* _Goal of the exercise_
Only one span of the material below is wanted. Output it exactly, from the line with "Kultainen timanttisormus 0.005ct 17,0mm #2" through the line with "Care Bears Family", without any pictures.
== Data to examine
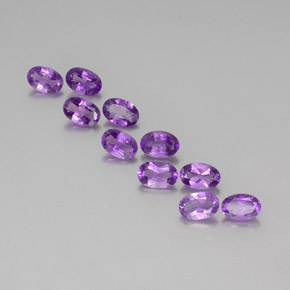 Achetez naturel 3,75ct violet moyen améthyste gems, coupe ovale, en provenance brésil chez gemselect. en stock, livraison internationale!
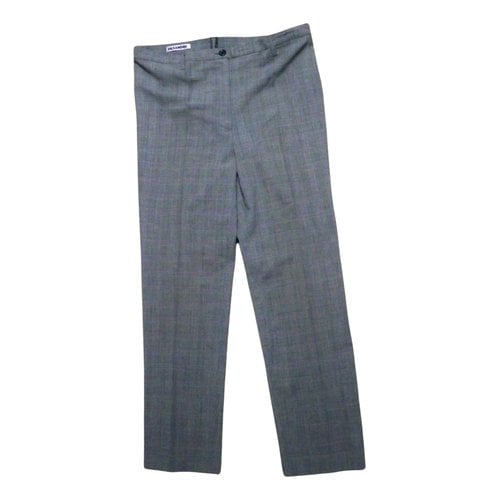 Pre-owned Jil Sander Straight Pants In Grey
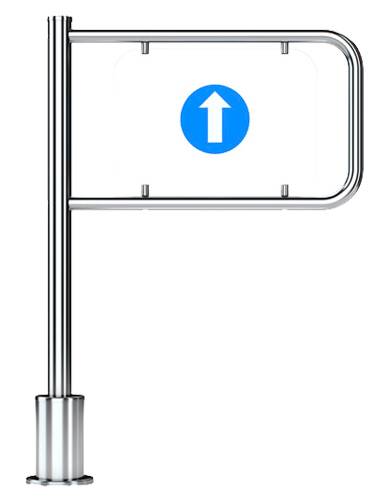 Механическая односторонняя калитка с пружинным возвратом Oxgard К-11 (правая), L=600 мм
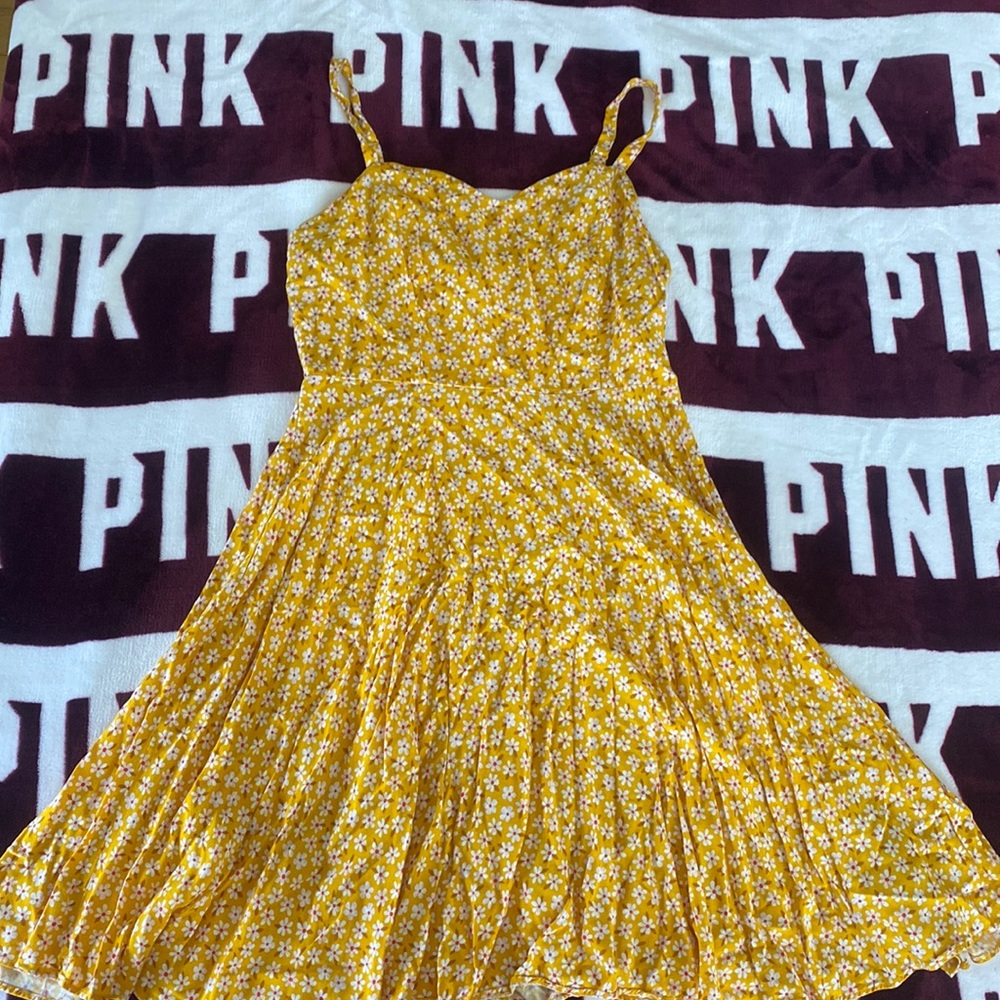 Yellow floral dress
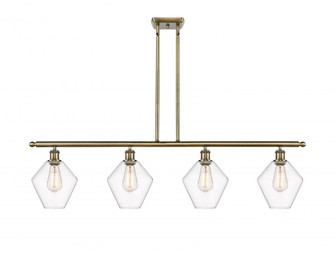 Cindyrella - 4 Light - 48 inch - Antique Brass - Cord hung - Island Light (3442|516-4I-AB-G652-8)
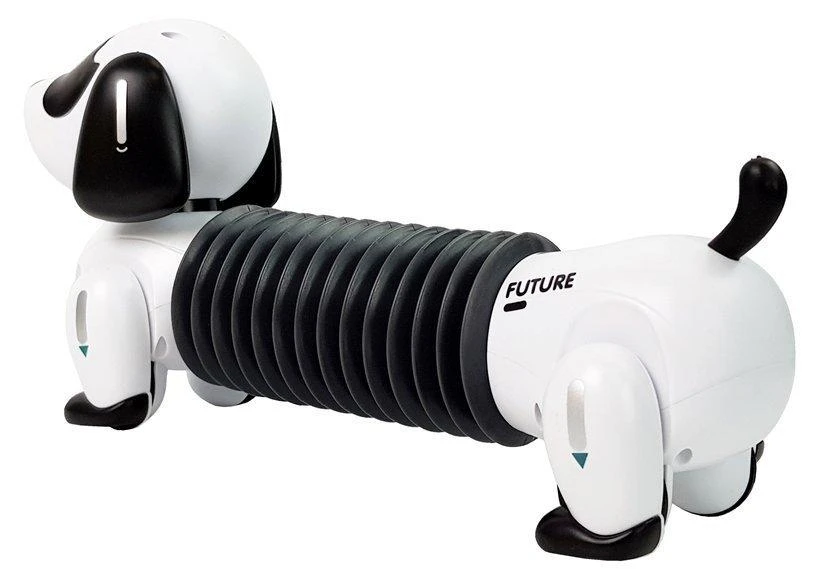 Lean Toys Interaktyvus šuniukas robotas su nuotolinio valdymo pultu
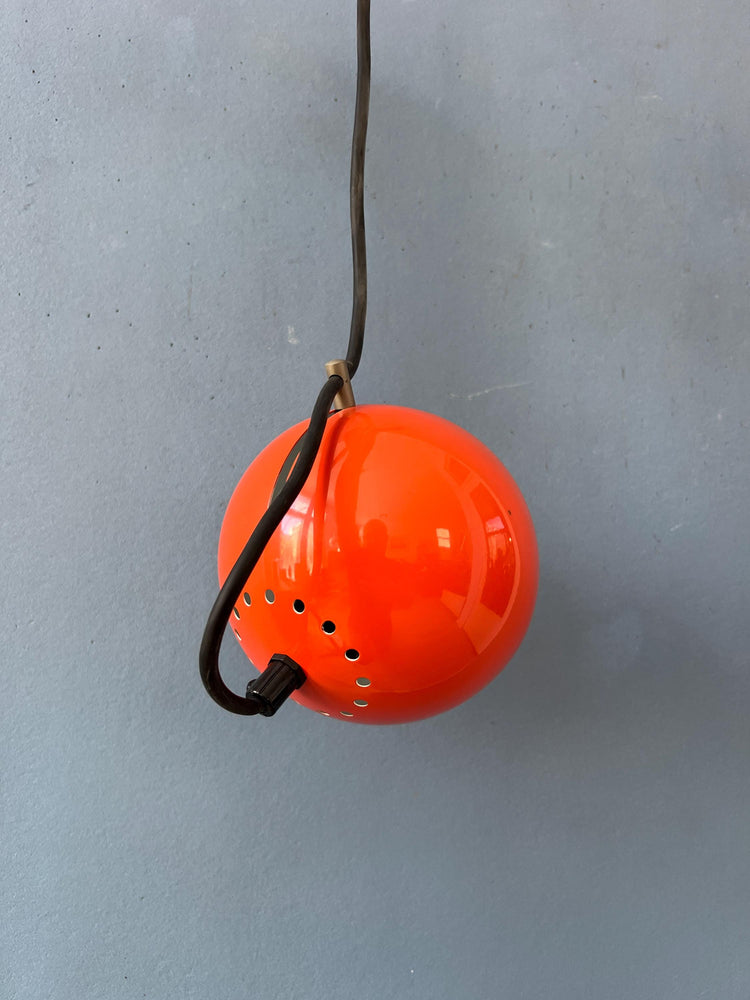 Small Red Adjustable Artimeta Eyeball Pendant Lamp
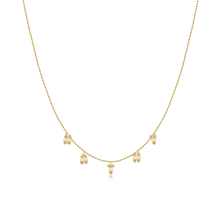 Load image into Gallery viewer, Dangling Gold Name Ball Necklace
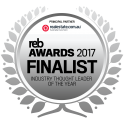 Finalist – 2017 Award for Industry Thought Leader of the Year Real Estate Business (REB) Awards for 2017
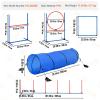 imageVEVOR Dog Agility Training Equipment Dog Agility Course Backyard Set with Adjustable High Hurdles6 Weave PolesTunnelJump RingPause BoxWhistleFoldable BowlStorage Bag Puppy Obstacle Course Kit7 Pcs Set
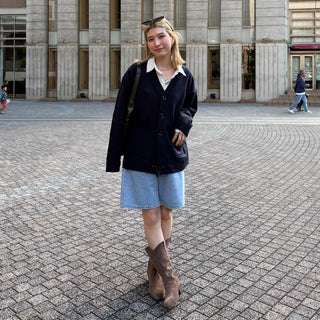 Suede pointed-toe half boots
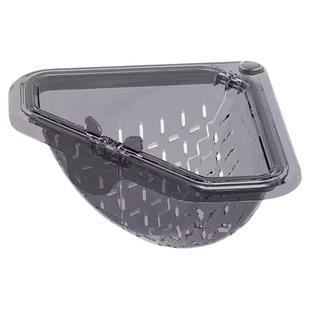 磁吸式沥水蓝家用厨房水槽三角形镂空清洁过滤网残渣收纳置物架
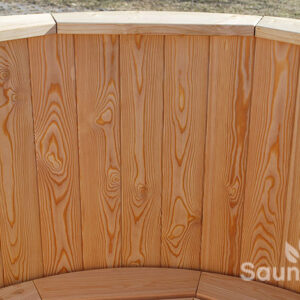 Wooden Hot Tub Bath Barrel from Sauneco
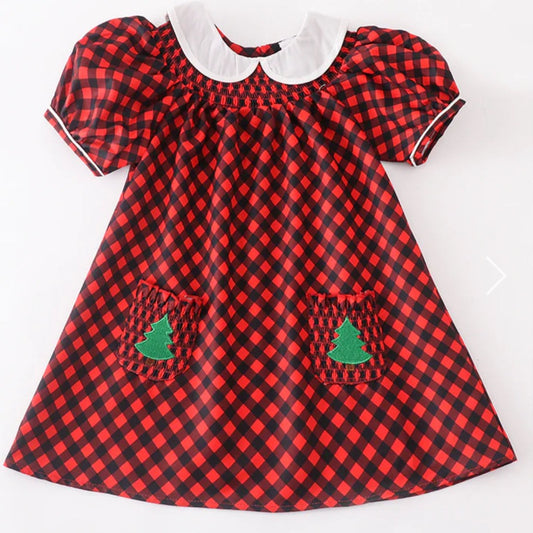 Merry Christmas Tree Smocked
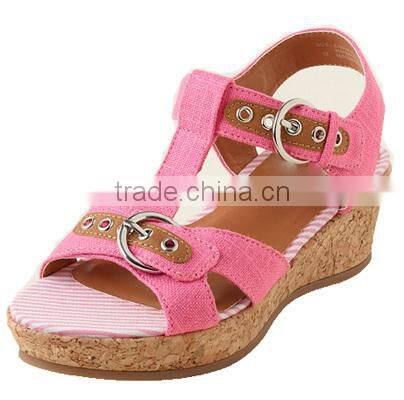 Chinese Brand durable high heels children girl shoe 2015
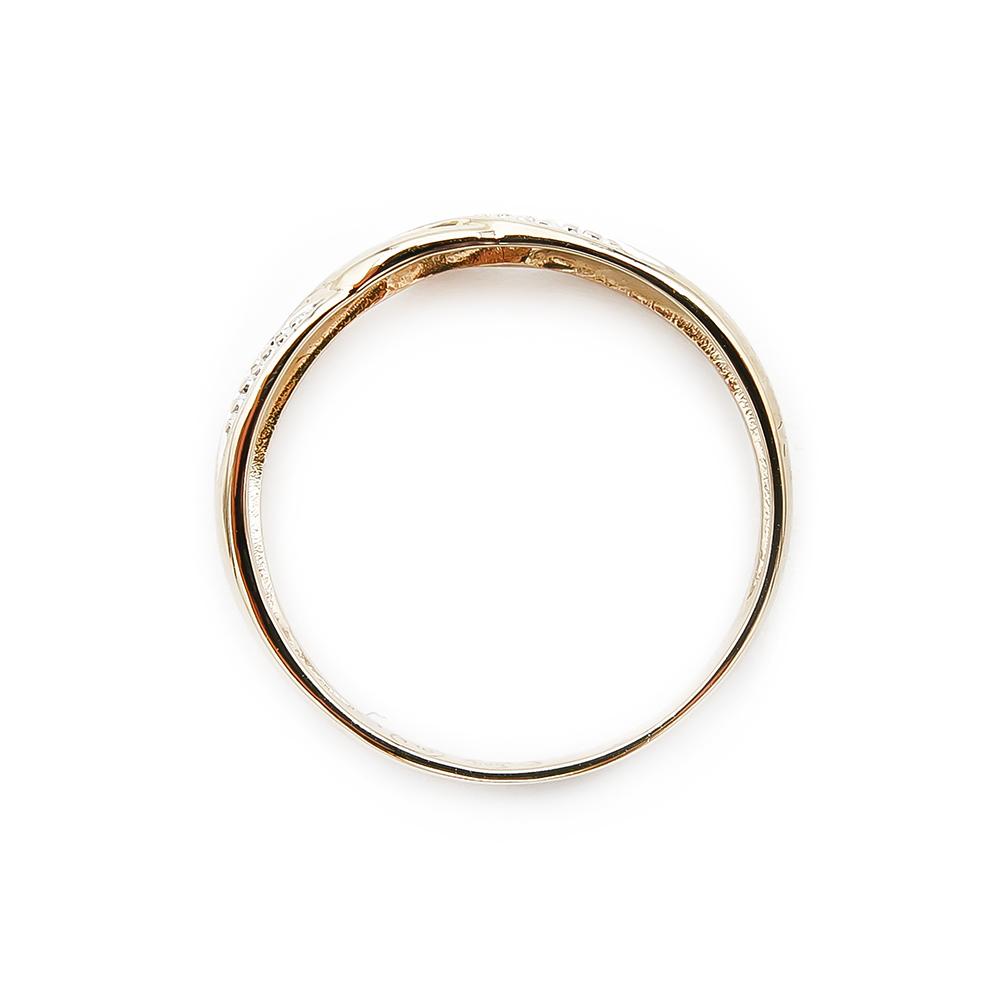 Kultainen timanttisormus 0.005ct 17,0mm #2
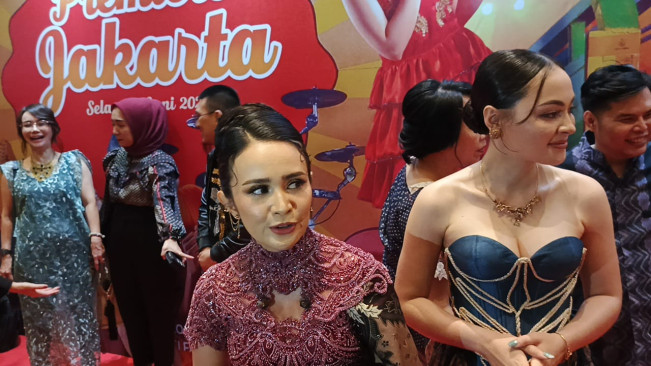 Michelle Ziudith usai konferensi pers film Angel Pol di XXI Epicentrum, Kuningan, Jakarta Selatan, Selasa (17/6/2025). [FTNews.co.id/Selvianus Kopong Basar]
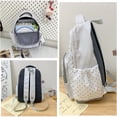 thumbnail image 6 of JKCCZLL Y2k Backpack Whimsical Backpack Cute Stripe Bookbag Japanese Medium Daypack Cutecore Supplies,Large Striped Star, 6 of 7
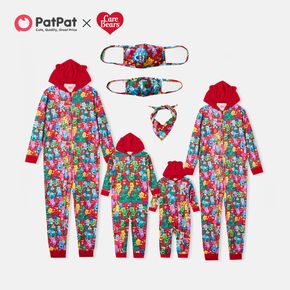 Care Bears Family Matching Pajamas Onesies and Washable Mask(Flame Resistant)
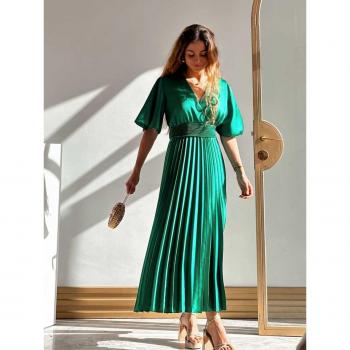 Vestido Midi Verde de Benetton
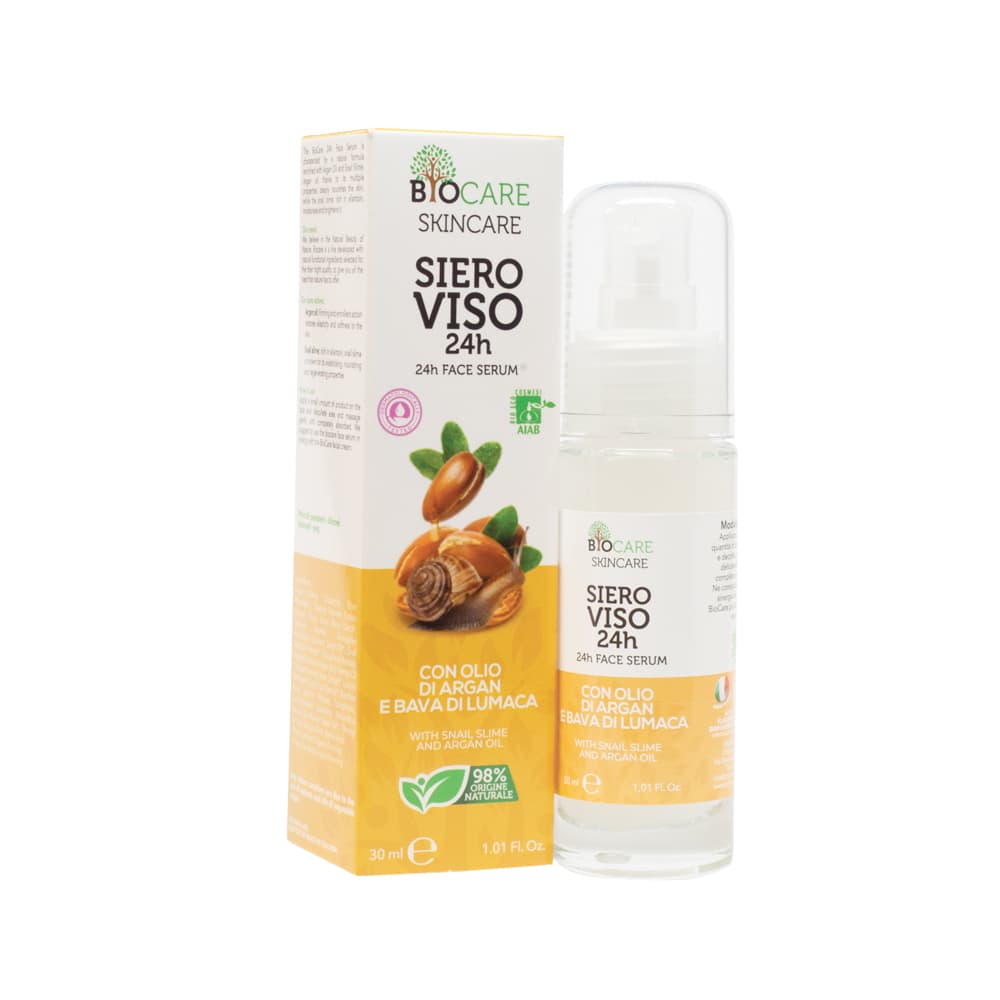 Siero Viso 24h Con Olio Di Argan E Bava Di Lumaca 30ml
====
* _Solved exercise_
 Kultainen timanttisormus 0.005ct 17,0mm #2
 Michelle Ziudith usai konferensi pers film Angel Pol di XXI Epicentrum, Kuningan, Jakarta Selatan, Selasa (17/6/2025). [FTNews.co.id/Selvianus Kopong Basar]
 thumbnail image 6 of JKCCZLL Y2k Backpack Whimsical Backpack Cute Stripe Bookbag Japanese Medium Daypack Cutecore Supplies,Large Striped Star, 6 of 7
 Care Bears Family Matching Pajamas Onesies and Washable Mask(Flame Resistant)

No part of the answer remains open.